## Activity
Everything below from the line with "Такого Mercedes еще" through the line with "West Hills Village Image 7" should be copied exactly, and nothing else; leave out the pictures.

## Provided material
++++++++

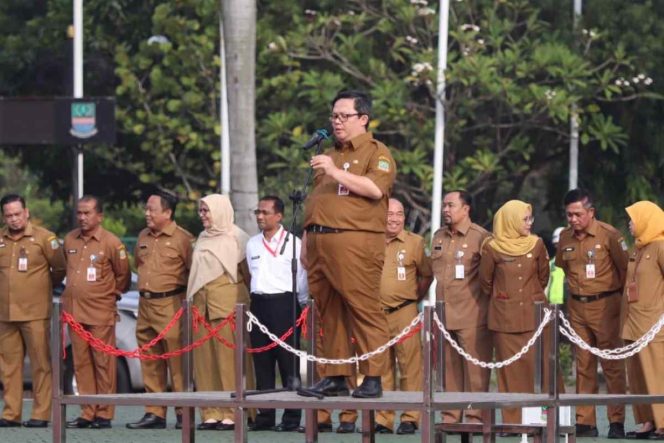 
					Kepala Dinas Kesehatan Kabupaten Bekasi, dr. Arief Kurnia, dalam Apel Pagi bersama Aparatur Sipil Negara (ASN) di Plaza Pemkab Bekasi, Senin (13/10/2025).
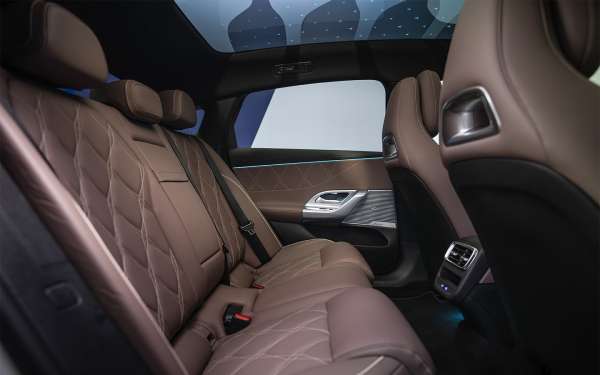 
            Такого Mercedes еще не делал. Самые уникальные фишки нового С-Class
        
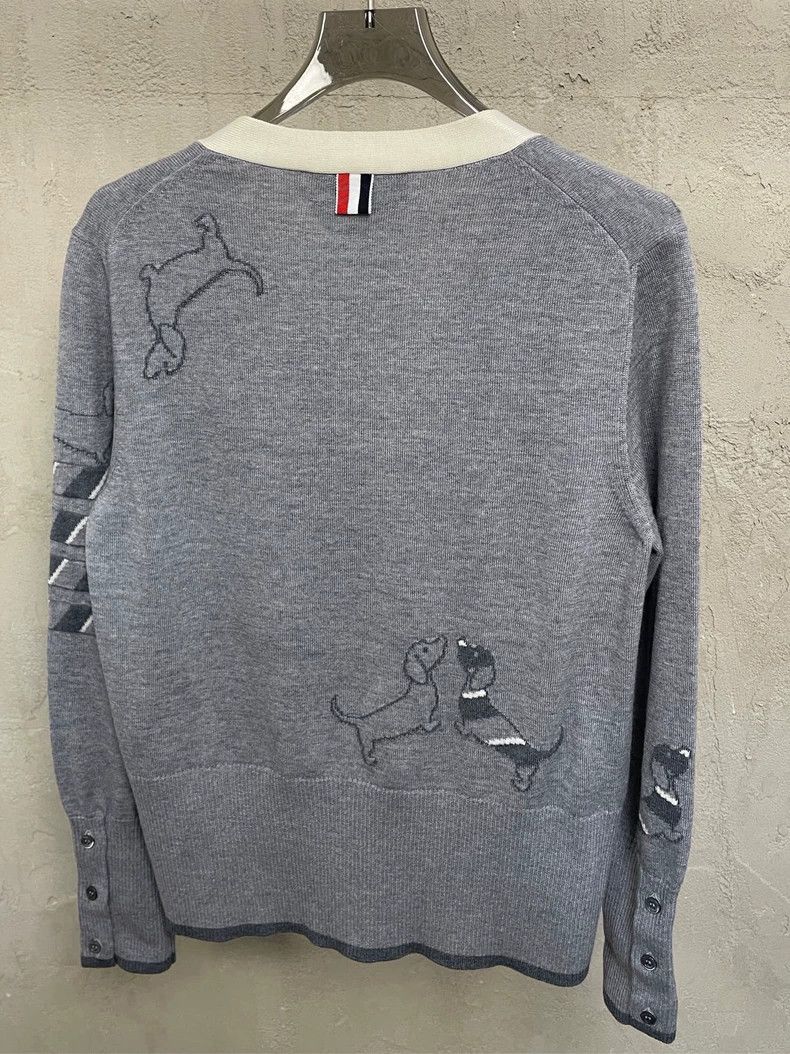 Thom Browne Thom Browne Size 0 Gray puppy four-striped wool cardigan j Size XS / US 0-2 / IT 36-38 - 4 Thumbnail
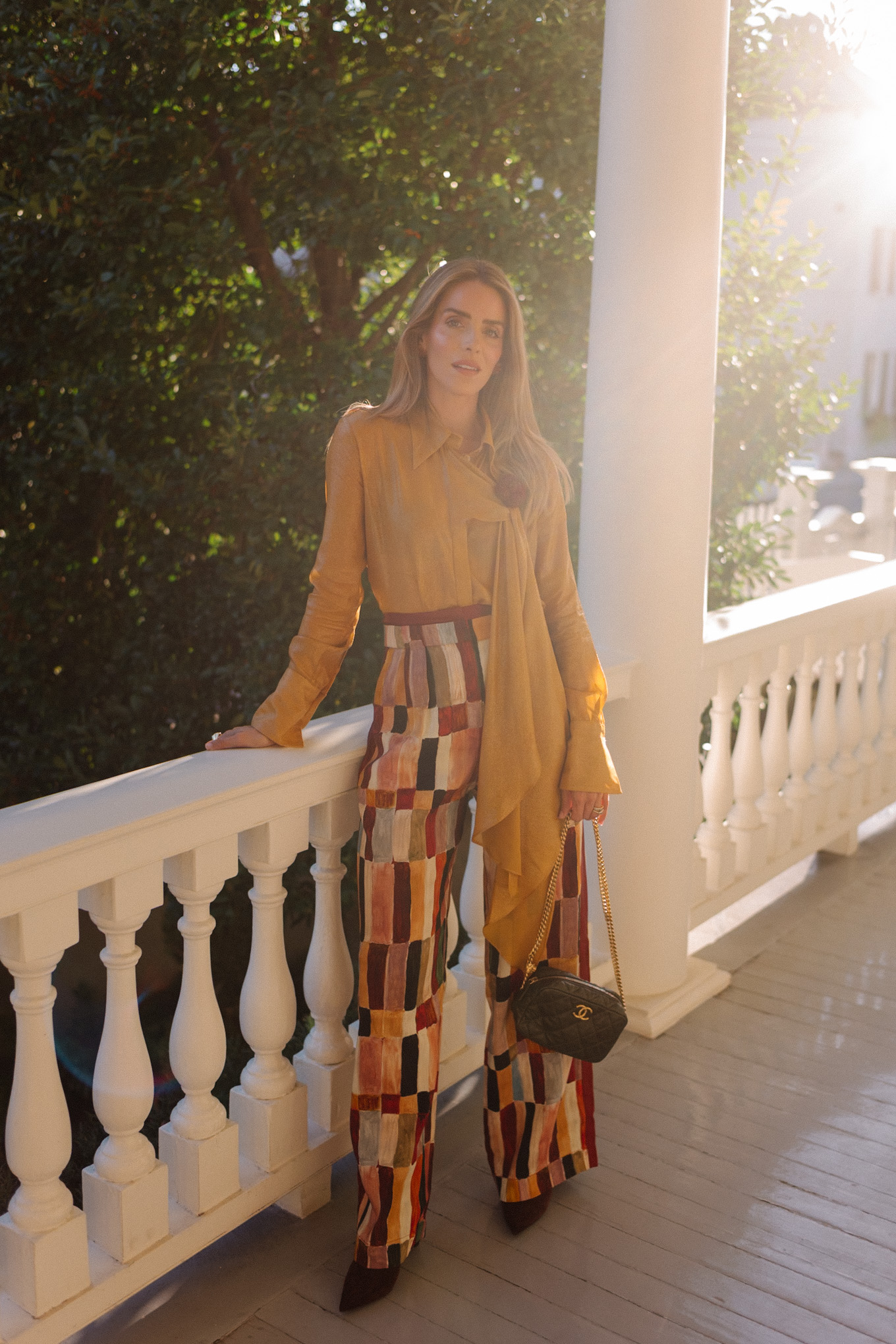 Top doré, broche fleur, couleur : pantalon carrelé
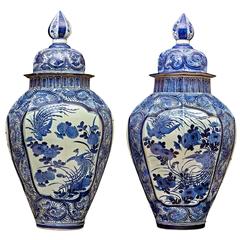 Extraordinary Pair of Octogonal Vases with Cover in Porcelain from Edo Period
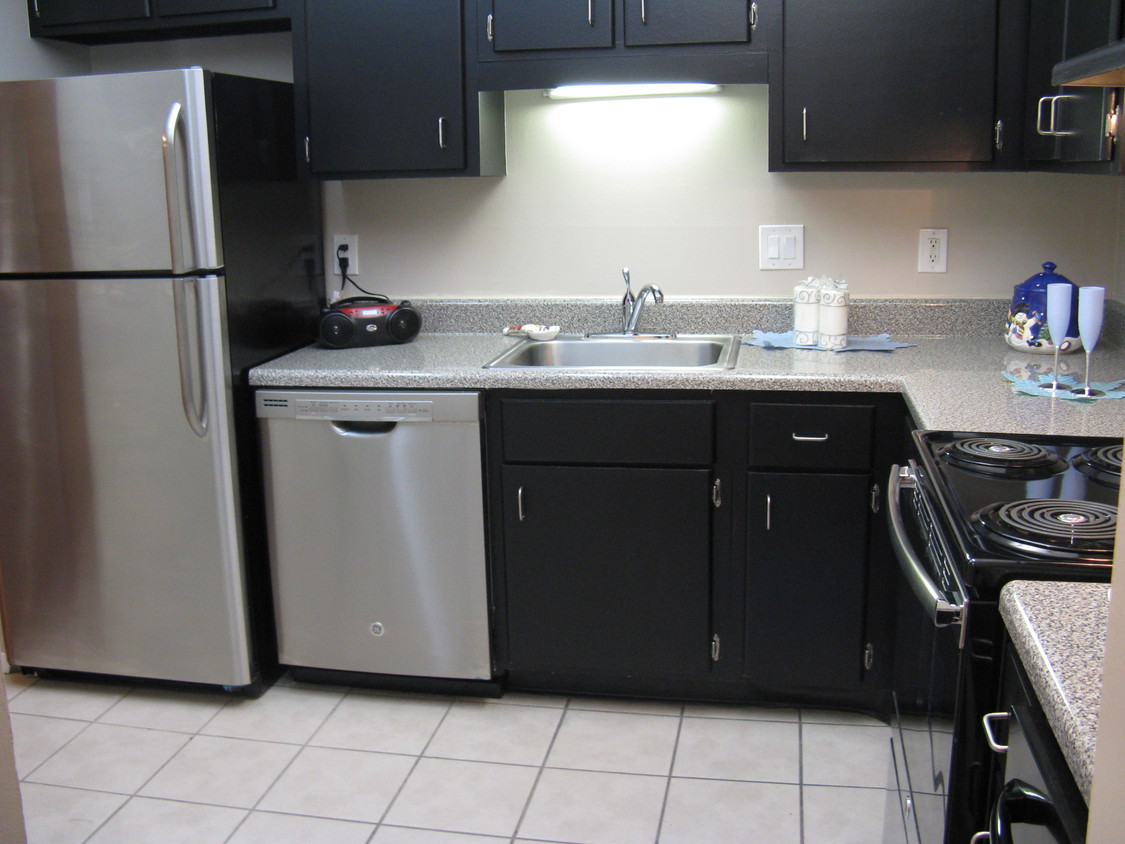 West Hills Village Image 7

++++++++

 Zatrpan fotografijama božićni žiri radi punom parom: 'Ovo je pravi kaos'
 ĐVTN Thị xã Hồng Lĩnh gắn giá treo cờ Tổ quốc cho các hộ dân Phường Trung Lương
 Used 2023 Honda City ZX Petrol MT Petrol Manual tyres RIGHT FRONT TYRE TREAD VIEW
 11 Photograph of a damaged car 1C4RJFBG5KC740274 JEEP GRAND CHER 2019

++++++++

## Answer box
            Такого Mercedes еще не делал. Самые уникальные фишки нового С-Class
        
 Thom Browne Thom Browne Size 0 Gray puppy four-striped wool cardigan j Size XS / US 0-2 / IT 36-38 - 4 Thumbnail
 Top doré, broche fleur, couleur : pantalon carrelé
 Extraordinary Pair of Octogonal Vases with Cover in Porcelain from Edo Period
 West Hills Village Image 7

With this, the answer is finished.